In un momento storico segnato da conflitti drammatici nei territori protagonisti di questa storia, “Figli di Abramo” si rivela uno spettacolo quanto mai attuale. L’idea di una comune radice spirituale invita a riflettere sul valore della convivenza e sul significato profondo della parola “pace”, oggi invocata ma drammaticamente lontana. Chi esce dalla sala non può che sentirsi arricchito, proprio come gli antichi greci desideravano attraverso l’esperienza teatrale: una mente aperta e un cuore colmo di nuovi spunti di riflessione.
Stefano Sabelli

Fondatore e direttore del Teatro del Loto, noto per il suo interesse verso religioni e civiltà, prosegue il suo percorso artistico di teatro di narrazione con “Figli di Abramo”. Questo spettacolo si inserisce nel dittico “Le Vie dei Profeti”, che include anche “Le Vie del Buddha”, monologo ispirato al suo viaggio in Afghanistan nel 2001 durante la guerra e focalizzato sulla distruzione dei Buddha di Bamiyan e il genocidio del popolo Hazara.

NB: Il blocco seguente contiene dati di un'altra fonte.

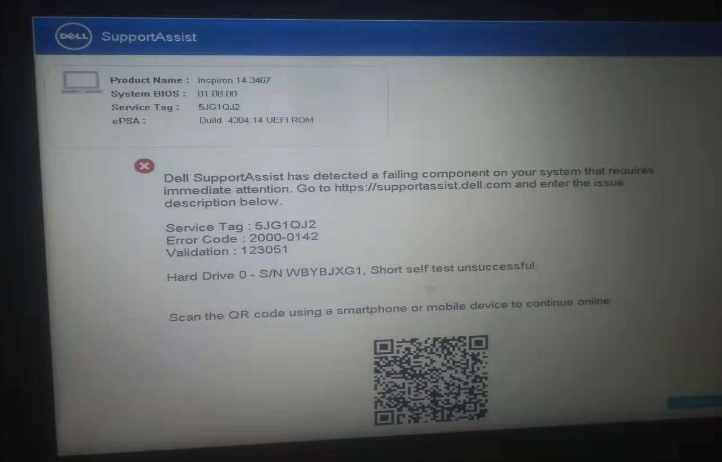 U盤重裝系統(tǒng)后重啟進(jìn)bios檢測解決教程 U盤重裝系統(tǒng)后重啟進(jìn)bios檢測解決教程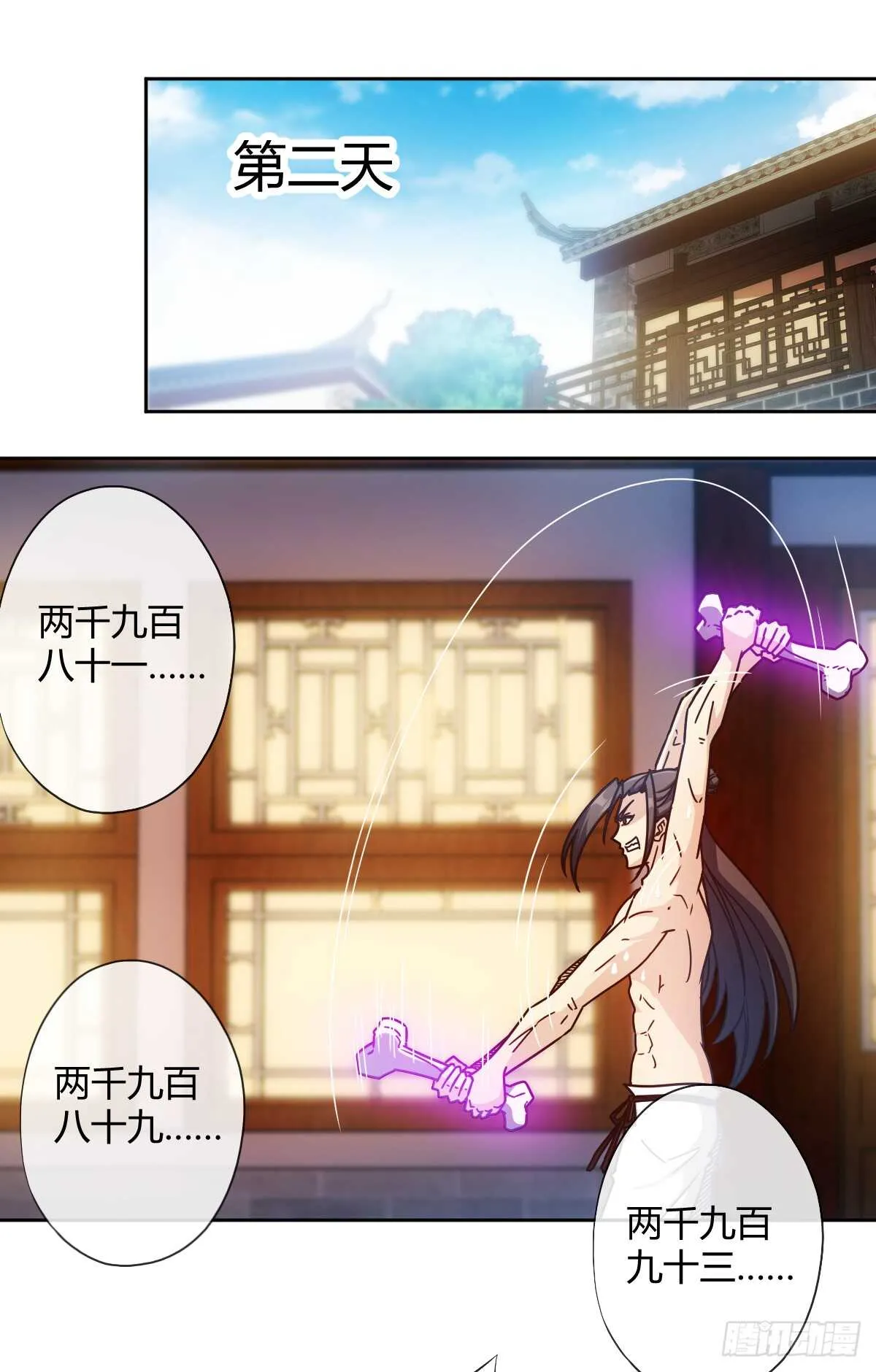 第73话：长剑！ 第2页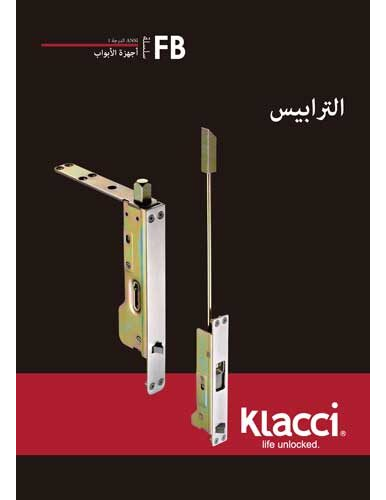 Klacci مسمار أملس FB سلسلة كتالوجة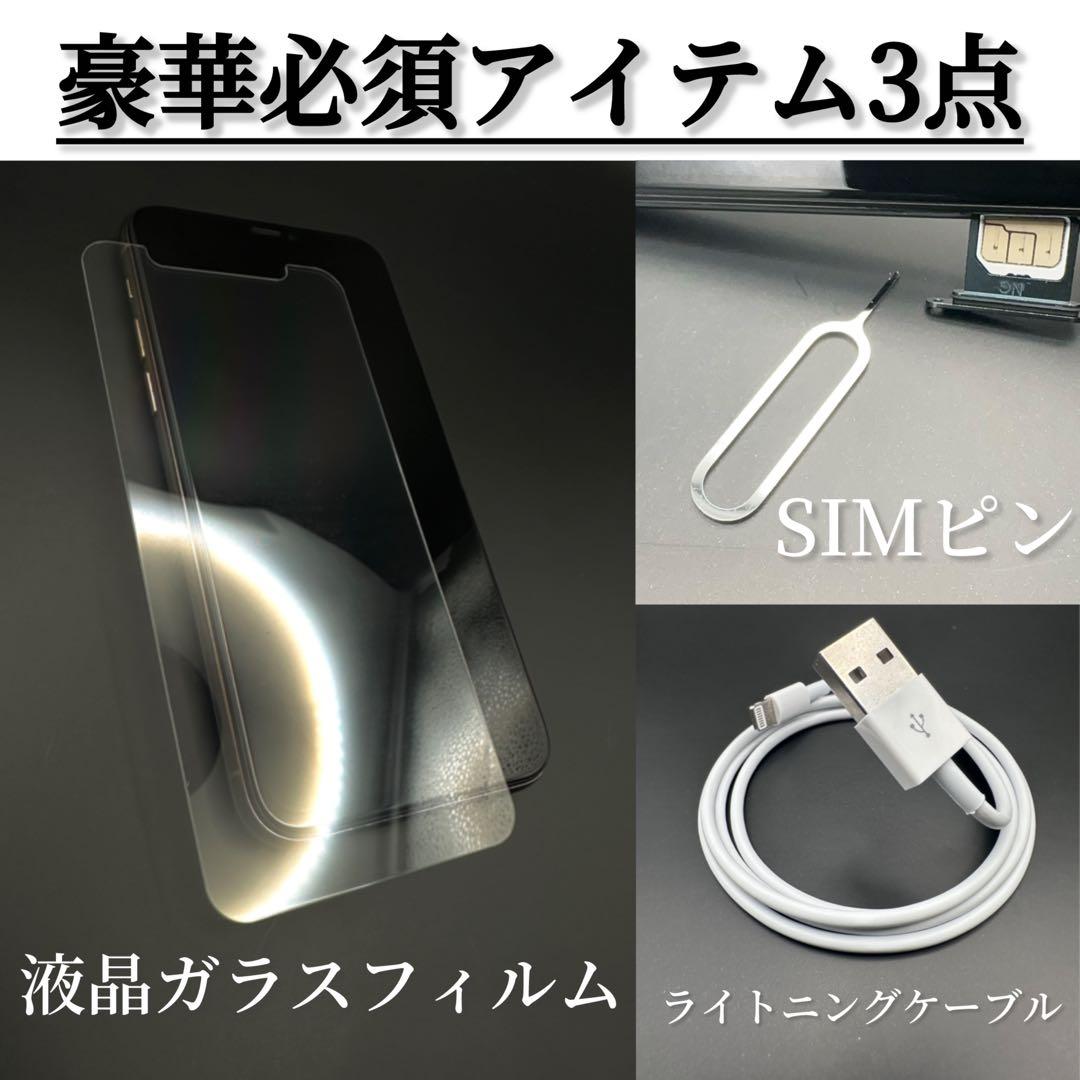 【美品】iPhone11Pro 本体 ゴールド 256GB SIMフリー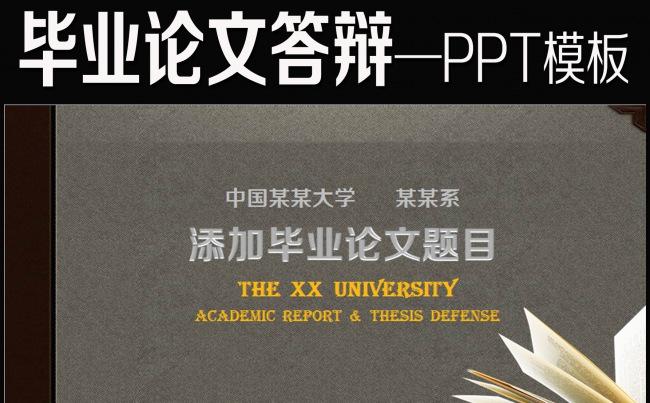 严谨稳重大气论文答辩PPT模板缩略图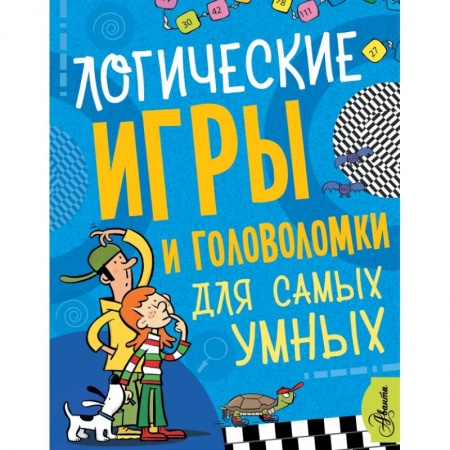 Досуг, творчество и кулинария, книга Логические игры и головоломки для самых умных купить по скидке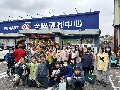 活動照片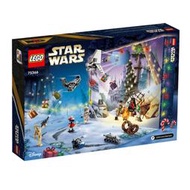 阿拉丁玩具 75366-LEGO 積木 - SW 星戰系列 - 驚喜月曆 2023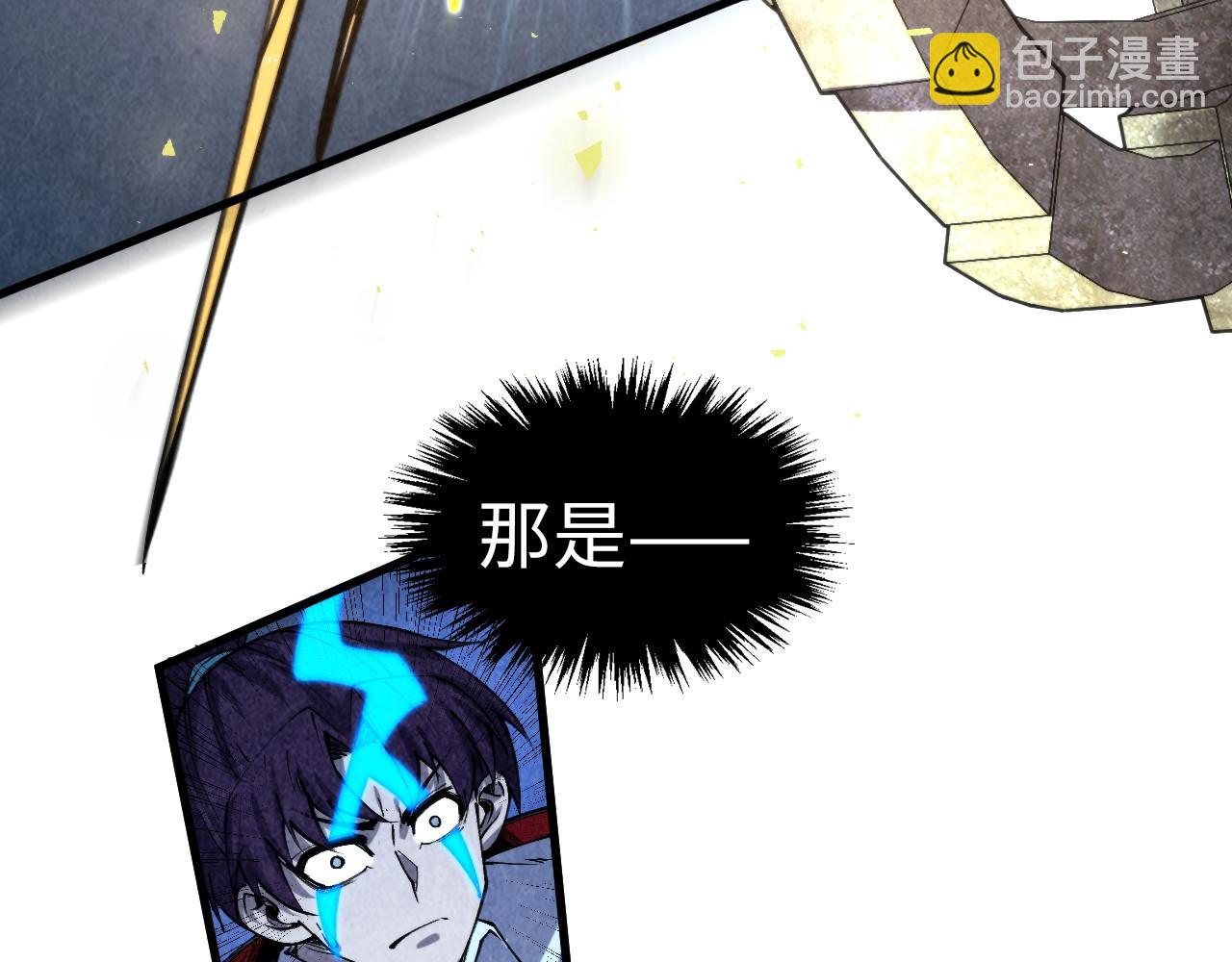 第340话 天轴碎裂125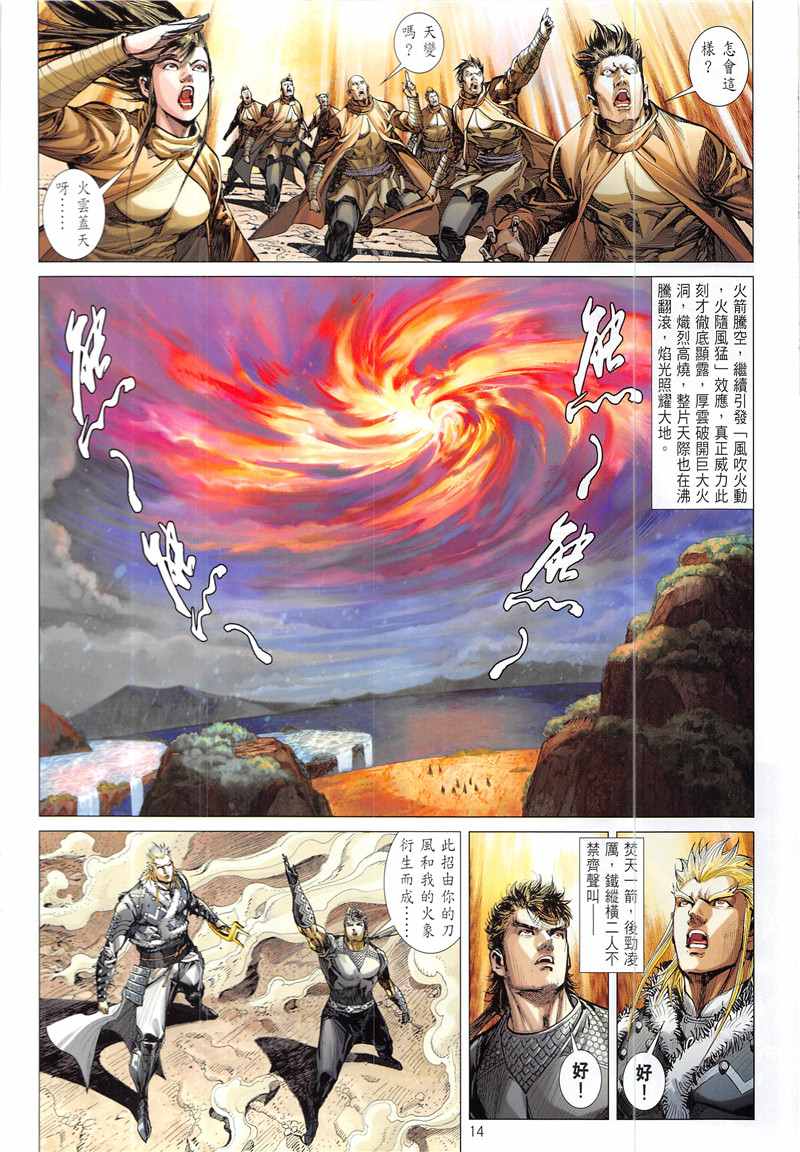 第 14 页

Con “Figli di Abramo”, Sabelli interpreta e arricchisce il testo di Svein Tindberg, Abrahams Barn, trasformandolo in un’esperienza unica per il pubblico italiano. Unendo riflessioni tratte dalla sua esperienza diretta in Palestina e Gerusalemme a una narrazione già densa di contenuti storico-religiosi, offre una versione ricca di sfumature, ironia e profondità culturale, rendendo il tema delle radici comuni delle grandi religioni monoteiste ancora più coinvolgente e significativo.